Bite-sized Review:
Shift 87

Developer: Pixelsplit

Release Date: 24 July, 2024

Platform: Windows, MacOS

Genre: Spot the difference

By Chris Picone, 22 June 2024


I've never really played a game like Shift 87 before.  After reading the Steam page and looking at screenshots, etc., I suppose I expected a more traditional horror game; maybe some survival elements, the odd jump scare, that sort of thing.  Ultimately, Shift 87 is actually a "spot the difference" game, like the sort you find in kids' magazines, but three-dimensional, interactive, and featuring a paranormal horror setting.  


Aesthetics

The visuals look amazing in screenshots.  They look great when you're actually playing through, too, they're just very limited.  As in, everything in the game is high quality, photo-realistic, there's just very little variety - there's a lot of asset recycling both in and across levels.  There's also only three levels.
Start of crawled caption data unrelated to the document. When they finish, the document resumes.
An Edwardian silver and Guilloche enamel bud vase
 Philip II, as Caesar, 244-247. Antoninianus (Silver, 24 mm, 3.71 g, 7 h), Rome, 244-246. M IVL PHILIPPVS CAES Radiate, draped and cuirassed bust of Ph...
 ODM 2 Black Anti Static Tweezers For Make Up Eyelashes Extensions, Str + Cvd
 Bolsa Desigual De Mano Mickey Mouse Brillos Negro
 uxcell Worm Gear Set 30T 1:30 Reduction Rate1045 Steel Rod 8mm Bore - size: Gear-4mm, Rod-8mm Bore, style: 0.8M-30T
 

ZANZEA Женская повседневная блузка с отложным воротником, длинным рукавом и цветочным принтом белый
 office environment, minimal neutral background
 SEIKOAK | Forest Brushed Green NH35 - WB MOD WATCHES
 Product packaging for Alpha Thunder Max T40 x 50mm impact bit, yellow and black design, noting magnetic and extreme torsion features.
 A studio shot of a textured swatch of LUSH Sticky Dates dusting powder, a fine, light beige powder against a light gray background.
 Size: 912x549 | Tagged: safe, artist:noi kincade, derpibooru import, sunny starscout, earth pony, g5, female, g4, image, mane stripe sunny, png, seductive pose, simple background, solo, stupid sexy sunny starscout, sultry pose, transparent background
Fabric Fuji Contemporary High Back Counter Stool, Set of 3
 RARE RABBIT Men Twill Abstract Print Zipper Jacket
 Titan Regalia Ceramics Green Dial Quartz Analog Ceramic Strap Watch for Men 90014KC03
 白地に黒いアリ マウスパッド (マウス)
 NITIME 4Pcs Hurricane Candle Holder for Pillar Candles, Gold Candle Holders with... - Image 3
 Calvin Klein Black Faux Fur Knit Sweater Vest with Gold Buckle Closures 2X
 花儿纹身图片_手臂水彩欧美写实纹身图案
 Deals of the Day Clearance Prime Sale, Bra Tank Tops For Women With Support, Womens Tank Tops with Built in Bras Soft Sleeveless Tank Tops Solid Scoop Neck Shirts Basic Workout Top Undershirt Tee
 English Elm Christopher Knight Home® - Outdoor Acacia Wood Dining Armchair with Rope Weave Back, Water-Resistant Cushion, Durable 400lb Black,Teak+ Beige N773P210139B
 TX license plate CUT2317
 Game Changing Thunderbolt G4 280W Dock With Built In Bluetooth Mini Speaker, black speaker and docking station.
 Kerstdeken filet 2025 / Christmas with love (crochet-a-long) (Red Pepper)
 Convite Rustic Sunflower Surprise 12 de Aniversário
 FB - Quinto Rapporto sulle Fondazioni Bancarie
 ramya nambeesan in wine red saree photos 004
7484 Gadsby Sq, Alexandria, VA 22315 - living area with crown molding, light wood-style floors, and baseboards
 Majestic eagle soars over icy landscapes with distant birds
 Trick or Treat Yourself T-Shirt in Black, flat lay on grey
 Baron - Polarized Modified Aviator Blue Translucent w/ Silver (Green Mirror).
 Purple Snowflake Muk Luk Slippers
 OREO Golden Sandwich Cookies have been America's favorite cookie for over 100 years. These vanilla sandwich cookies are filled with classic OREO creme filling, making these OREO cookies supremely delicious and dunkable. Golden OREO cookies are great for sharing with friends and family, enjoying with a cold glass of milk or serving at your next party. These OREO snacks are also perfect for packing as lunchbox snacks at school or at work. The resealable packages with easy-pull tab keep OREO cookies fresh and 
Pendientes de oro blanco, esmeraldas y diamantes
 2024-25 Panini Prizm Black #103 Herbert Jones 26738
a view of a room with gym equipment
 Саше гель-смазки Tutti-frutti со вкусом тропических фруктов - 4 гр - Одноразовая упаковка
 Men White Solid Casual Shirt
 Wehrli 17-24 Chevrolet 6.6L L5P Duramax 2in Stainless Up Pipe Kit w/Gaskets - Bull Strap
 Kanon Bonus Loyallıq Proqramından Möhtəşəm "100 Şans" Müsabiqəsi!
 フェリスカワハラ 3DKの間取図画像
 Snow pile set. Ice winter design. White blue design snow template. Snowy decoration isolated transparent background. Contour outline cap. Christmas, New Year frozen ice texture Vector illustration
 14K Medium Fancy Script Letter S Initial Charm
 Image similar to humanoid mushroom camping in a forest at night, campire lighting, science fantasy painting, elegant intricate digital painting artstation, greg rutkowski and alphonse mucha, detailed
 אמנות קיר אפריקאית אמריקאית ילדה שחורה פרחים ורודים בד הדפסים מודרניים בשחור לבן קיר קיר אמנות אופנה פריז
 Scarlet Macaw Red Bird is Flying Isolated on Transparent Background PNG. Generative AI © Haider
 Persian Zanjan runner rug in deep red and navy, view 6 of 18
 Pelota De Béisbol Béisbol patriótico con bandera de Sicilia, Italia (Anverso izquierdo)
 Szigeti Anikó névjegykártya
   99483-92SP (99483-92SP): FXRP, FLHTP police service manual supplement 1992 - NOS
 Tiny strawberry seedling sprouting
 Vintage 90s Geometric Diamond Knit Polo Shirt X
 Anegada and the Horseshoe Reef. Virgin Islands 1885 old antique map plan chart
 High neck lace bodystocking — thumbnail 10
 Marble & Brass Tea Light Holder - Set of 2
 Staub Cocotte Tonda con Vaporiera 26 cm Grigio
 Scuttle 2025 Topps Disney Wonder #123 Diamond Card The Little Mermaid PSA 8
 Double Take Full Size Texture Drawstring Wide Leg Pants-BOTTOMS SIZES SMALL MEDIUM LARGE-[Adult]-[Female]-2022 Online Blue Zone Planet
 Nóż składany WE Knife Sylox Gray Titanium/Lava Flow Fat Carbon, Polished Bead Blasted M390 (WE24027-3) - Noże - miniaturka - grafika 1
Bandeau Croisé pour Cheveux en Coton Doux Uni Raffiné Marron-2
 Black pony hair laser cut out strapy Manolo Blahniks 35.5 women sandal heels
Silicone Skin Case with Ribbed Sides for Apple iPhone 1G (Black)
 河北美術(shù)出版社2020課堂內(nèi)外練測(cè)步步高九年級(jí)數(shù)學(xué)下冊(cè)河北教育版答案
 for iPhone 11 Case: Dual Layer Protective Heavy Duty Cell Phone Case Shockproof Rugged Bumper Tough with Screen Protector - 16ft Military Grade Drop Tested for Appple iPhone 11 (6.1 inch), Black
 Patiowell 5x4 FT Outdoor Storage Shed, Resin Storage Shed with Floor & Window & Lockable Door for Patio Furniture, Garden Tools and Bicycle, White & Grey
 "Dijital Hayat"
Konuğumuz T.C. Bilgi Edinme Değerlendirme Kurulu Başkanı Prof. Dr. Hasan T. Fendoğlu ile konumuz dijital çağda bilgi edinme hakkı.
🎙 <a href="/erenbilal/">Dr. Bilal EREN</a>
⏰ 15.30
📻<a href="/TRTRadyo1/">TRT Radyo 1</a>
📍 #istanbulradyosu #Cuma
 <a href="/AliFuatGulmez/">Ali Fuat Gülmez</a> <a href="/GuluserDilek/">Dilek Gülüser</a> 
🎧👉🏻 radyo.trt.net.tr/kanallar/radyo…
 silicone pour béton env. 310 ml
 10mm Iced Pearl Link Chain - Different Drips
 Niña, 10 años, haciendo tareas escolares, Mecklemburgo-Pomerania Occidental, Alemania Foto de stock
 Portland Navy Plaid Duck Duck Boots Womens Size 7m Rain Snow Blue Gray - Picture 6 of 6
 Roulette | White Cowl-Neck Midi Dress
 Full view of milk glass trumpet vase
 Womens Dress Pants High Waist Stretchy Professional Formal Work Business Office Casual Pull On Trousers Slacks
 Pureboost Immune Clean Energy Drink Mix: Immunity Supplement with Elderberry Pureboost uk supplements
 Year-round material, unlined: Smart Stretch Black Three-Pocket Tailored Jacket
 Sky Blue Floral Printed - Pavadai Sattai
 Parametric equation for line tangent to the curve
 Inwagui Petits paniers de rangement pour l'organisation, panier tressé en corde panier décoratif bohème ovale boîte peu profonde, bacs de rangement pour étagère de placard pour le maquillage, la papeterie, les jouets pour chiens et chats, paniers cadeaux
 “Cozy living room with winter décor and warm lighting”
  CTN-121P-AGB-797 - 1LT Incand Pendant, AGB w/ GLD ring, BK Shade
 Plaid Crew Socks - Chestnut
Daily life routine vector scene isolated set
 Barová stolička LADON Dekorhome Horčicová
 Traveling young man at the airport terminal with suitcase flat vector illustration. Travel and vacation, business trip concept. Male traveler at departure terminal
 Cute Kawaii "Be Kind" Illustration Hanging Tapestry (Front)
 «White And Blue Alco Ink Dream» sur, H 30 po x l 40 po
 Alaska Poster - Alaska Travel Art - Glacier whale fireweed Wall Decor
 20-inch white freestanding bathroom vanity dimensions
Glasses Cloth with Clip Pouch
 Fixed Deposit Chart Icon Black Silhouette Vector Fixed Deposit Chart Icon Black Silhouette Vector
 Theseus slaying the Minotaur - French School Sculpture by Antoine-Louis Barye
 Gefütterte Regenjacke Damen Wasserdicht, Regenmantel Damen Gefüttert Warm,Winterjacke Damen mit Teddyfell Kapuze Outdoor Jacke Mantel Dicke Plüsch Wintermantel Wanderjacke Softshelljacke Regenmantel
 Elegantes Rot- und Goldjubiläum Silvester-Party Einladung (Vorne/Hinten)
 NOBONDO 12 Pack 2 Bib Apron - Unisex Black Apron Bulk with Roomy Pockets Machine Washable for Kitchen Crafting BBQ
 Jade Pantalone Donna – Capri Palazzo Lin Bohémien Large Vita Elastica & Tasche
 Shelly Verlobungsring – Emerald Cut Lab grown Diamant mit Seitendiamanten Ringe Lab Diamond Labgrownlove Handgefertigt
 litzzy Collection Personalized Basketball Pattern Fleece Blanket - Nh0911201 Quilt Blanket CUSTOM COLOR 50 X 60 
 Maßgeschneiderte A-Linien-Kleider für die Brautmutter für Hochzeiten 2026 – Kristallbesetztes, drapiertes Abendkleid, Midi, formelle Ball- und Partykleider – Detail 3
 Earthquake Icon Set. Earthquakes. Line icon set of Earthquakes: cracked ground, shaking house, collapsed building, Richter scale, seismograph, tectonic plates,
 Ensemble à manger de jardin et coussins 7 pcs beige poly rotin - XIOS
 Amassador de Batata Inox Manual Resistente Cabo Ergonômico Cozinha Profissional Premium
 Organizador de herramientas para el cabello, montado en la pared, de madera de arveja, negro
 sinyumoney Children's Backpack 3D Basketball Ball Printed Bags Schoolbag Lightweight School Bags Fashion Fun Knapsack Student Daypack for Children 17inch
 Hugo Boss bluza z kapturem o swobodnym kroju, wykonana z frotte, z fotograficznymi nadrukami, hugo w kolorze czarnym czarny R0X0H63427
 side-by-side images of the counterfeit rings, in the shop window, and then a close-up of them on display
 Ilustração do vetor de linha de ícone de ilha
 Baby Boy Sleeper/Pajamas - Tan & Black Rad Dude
Interesting in their own way; an office, a factory, and a gas station - but the levels are relatively small and with only three locations there's not much to see. 


Gameplay

You get a free run-through of each level where everything is "normal."  So you need to explore the environment, check out how things are supposed to look, and try to memorise key details.  Then you replay the level five more times, trying to spot anything that might have changed.  Sometimes this is really obvious; all the furniture in a room floating, for example, or the sudden appearance of a crowd of mysterious hooded figures.  Other times the change might be subtle, like a small poster showing an altered image or some writing appearing.  Occasionally, there will be no differences.  If you find something different you press a button; get it right five times in a row and you progress to the next level.  It's an interesting concept but in practice becomes repetitive very quickly. 

 

Verdict

I love the idea of the game and it certainly had its moments but think it really needs a harder challenge and more variety.  More levels, ability to complete the levels in random order, and maybe more potential differences to be found on each level but less repeats.  It also features a well-created but under-utilised horror theme; I'd love to see Shift 87 lean harder into its setting.